Can We Move Beyond Philanthrocapitalism?
While the many philanthropies of the world address social injustice, gender discrimination, and countless other issues, there is one topic that is off-limits to most of them: changing the capitalist system itself, the source of many problems that philanthropy aspires to solve.
This conundrum is the focus of a new book, Post Capitalist Philanthropy, by Alnoor Ladha and Lynn Murphy, which is a bold inquiry into what they call “philanthrocapitalism." As Ladha puts it, “A few people have amassed so much wealth that they're now determining the agenda for a civil society. Ostensibly, we're told that this is for social benefit, but actually they're getting huge amounts of tax breaks, social and political power, and undermining democracy itself. And so, in some ways, you can't think about new economic systems and alternative systems without grappling with the paradoxes and complexity of philanthropy."
Ladha, an activist, journalist and political strategist, was co-founder and executive director of the global activist group The Rules from 2012 to 2019. He's now council chair for Culture Hack Labs, a not-for-profit consultancy.

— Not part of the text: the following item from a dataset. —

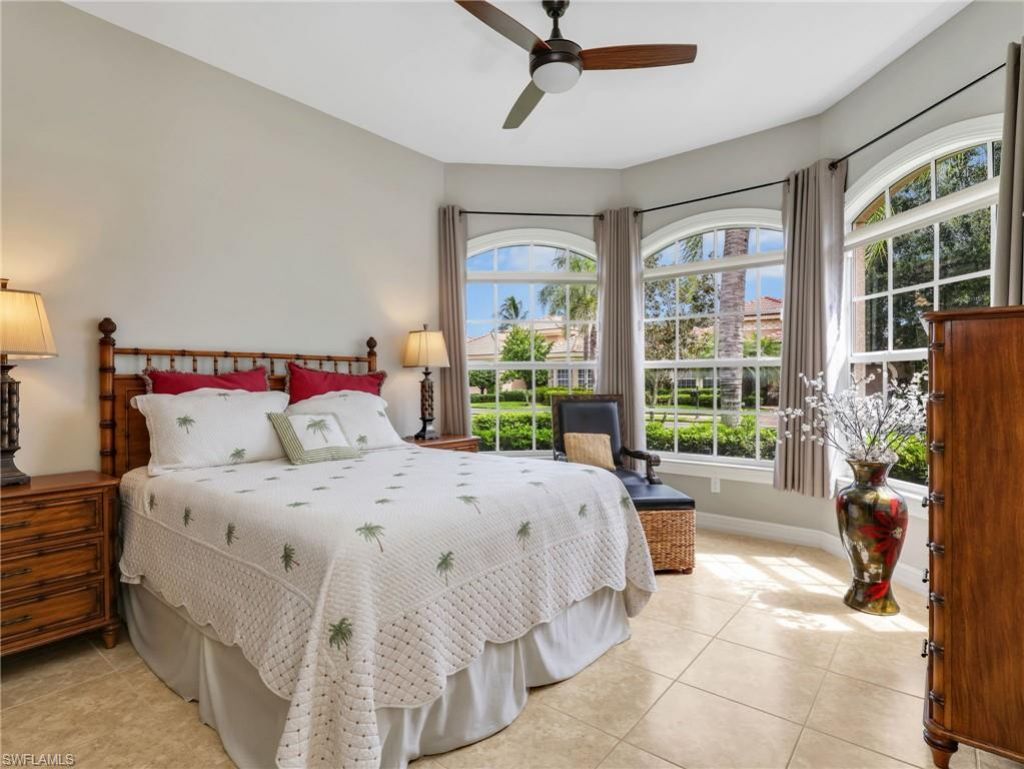 6097 Dogleg Dr , Naples, FL 34113 Photo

His coauthor Lynn Murphy was once a senior program officer at the William and Flora Hewlett Foundation. But she found it ethically problematic to be a white, privileged decisionmaker at a wealthy US foundation directing the shape of education in the poorer countries around the world. "I was working on what was then often called global development and international education, with a piece of how do you improve the quality of schooling for the poorest children."